(Phrase grounding data)
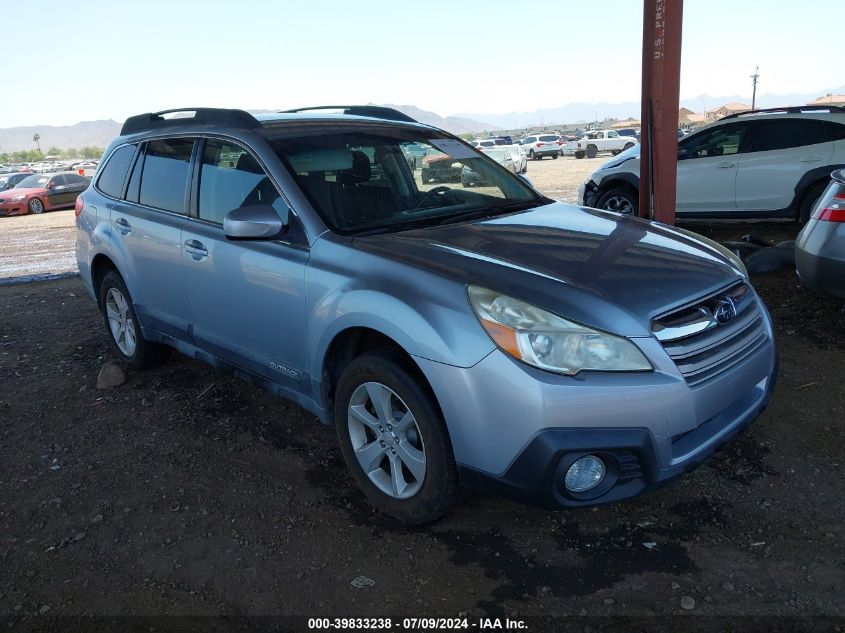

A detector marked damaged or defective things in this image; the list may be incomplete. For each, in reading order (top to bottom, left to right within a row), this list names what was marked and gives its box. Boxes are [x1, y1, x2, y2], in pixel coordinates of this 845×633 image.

rusty metal pole [644, 0, 684, 225]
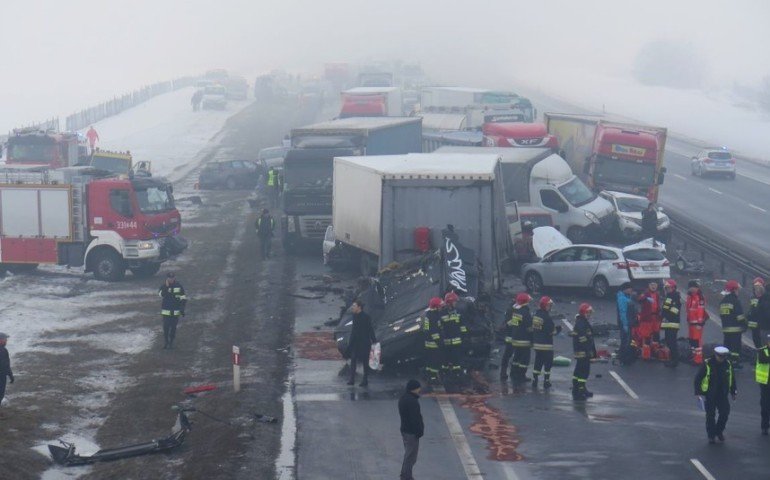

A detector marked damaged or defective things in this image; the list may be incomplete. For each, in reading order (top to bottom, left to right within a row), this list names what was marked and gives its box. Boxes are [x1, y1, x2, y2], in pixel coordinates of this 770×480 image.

crashed vehicle [334, 231, 492, 366]
overturned vehicle [334, 230, 492, 368]
crashed vehicle [520, 225, 668, 296]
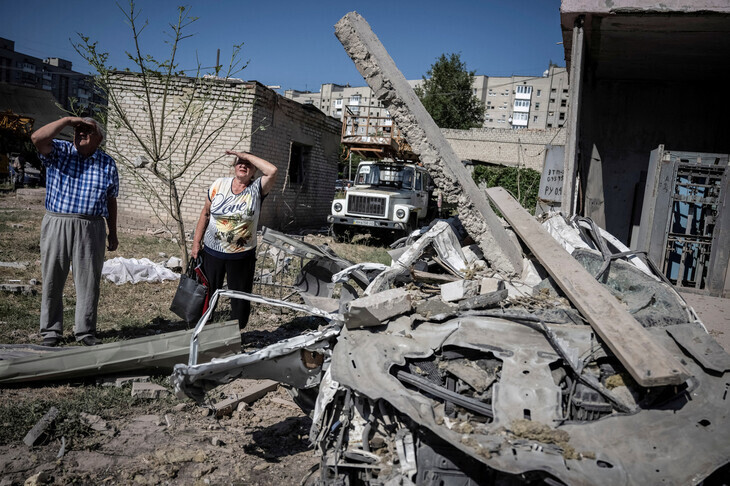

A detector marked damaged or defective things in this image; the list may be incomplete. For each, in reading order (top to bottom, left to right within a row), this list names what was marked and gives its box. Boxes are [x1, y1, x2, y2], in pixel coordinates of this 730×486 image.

> _Your instructions_: The records need to be restated word for word, minus any images.

> _Answer for this exercise_:
A detector marked damaged or defective things in this image; the list may be incomplete. For each, in reading order (top to bottom, left to right within a row), this list names what was marked and gives its box. Boxes are [x1, y1, x2, y2], in pixel coordinates of this 845×633 image.

rusty metal pole [644, 0, 684, 225]

A detector marked damaged or defective things in this image; the list may be incomplete. For each, in reading order (top to bottom, left to right within a row), this list names what was marked and gives its box. Boxes are [x1, y1, x2, y2], in pixel coordinates of this 770×480 image.

crashed vehicle [334, 231, 492, 366]
overturned vehicle [334, 230, 492, 368]
crashed vehicle [520, 225, 668, 296]

A detector marked damaged or defective things in this image; the list may be incomplete. For each, in reading order (top to bottom, left to right within a row), this list names what was marked and gives its box. Boxes are [x1, y1, x2, y2], in pixel coordinates of this 730×486 image.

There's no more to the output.